Work to be completed »
Beginning with the line that contains "Amethyst Lot, Loose", write out each remaining line of the records below exactly. Do not copy any picture.

• • • •

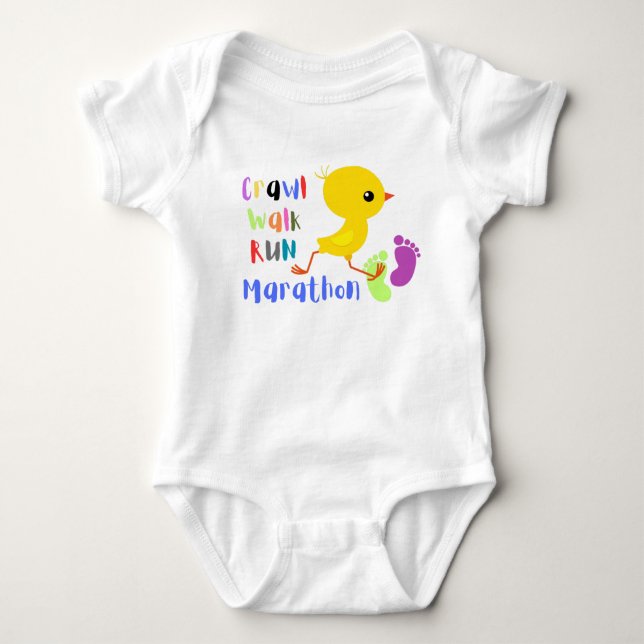 Crawl Walk Run Marathon Start Baby Bodysuit (Front)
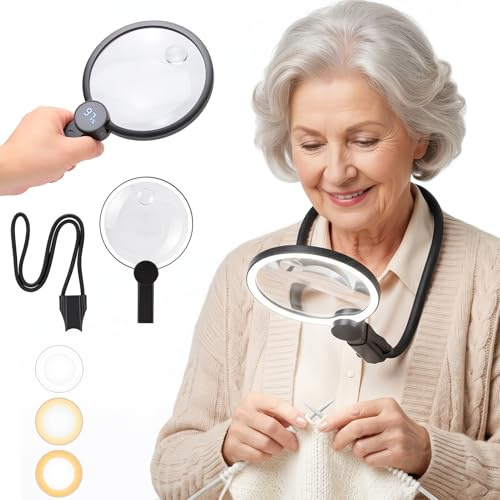 Hands Free Magnifying Glass with Light, 6X 8X Flat Strap Neck Magnifier with LED Display & 3 Color Light, 3 in 1Lighted Magnifier Glasses for Reading Hobbies Crafts Cross Stitch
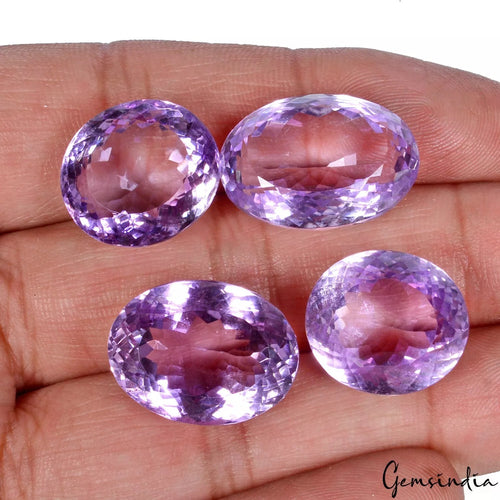 Amethyst Lot, Loose Gemstone, Oval Cut, Untreated — 4 Pieces, 17mm to 21mm, 92.50 Ct, Brazil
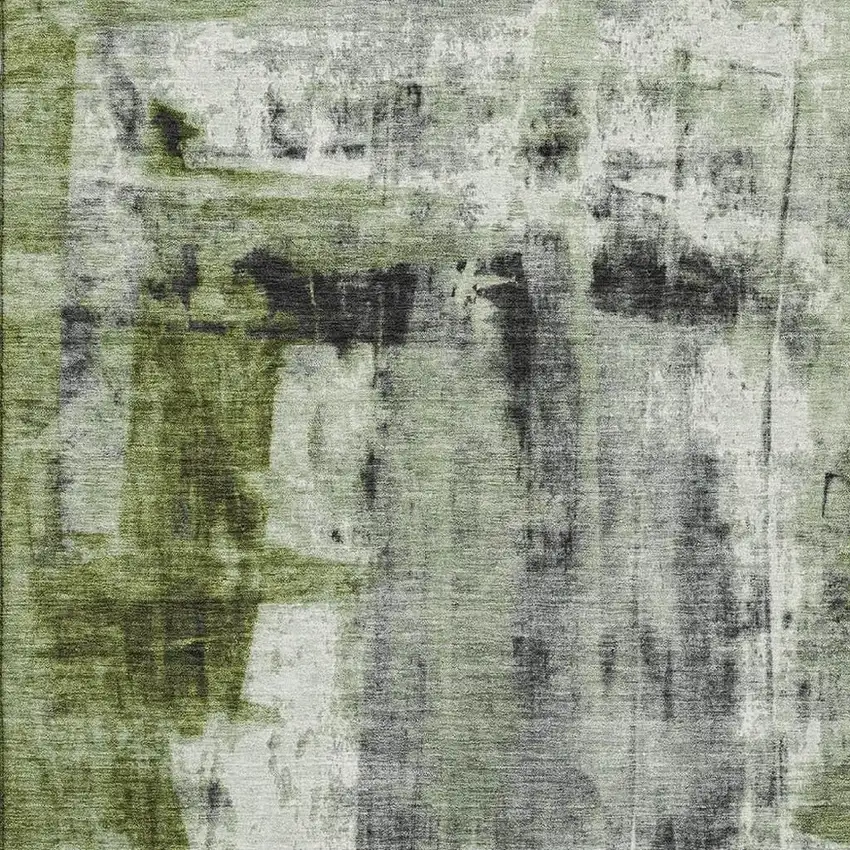 Olive Green Charcoal And Ivory Abstract Washable Area Rug With UV Protection Photo 3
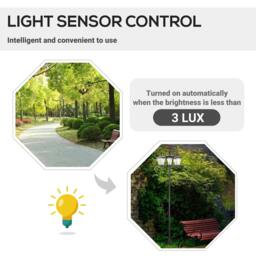 Rackhams 1.8m Traditional Victorian Style 3 Way Head Outdoor Garden Solar Post Lamp Sensor Dimmable LED Lantern Bollard Pathway IP44 – Black - thumbnail 4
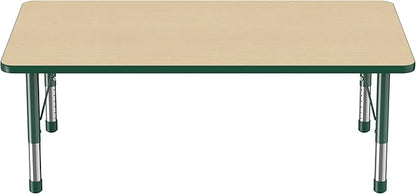 Factory Direct Partners FDP Rectangle Activity School and Classroom Kids Table (36 x 60 inch), Toddler Leg, Adjustable Height 15-24 inches - Maple Top and Green Edge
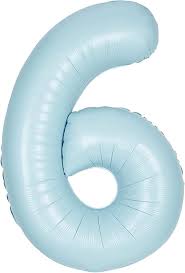 Number #6 Foil Balloon 34" Baby Blue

• • • •

Answer below »
 Amethyst Lot, Loose Gemstone, Oval Cut, Untreated — 4 Pieces, 17mm to 21mm, 92.50 Ct, Brazil
 Olive Green Charcoal And Ivory Abstract Washable Area Rug With UV Protection Photo 3
 Rackhams 1.8m Traditional Victorian Style 3 Way Head Outdoor Garden Solar Post Lamp Sensor Dimmable LED Lantern Bollard Pathway IP44 – Black - thumbnail 4
 Factory Direct Partners FDP Rectangle Activity School and Classroom Kids Table (36 x 60 inch), Toddler Leg, Adjustable Height 15-24 inches - Maple Top and Green Edge
 Number #6 Foil Balloon 34" Baby Blue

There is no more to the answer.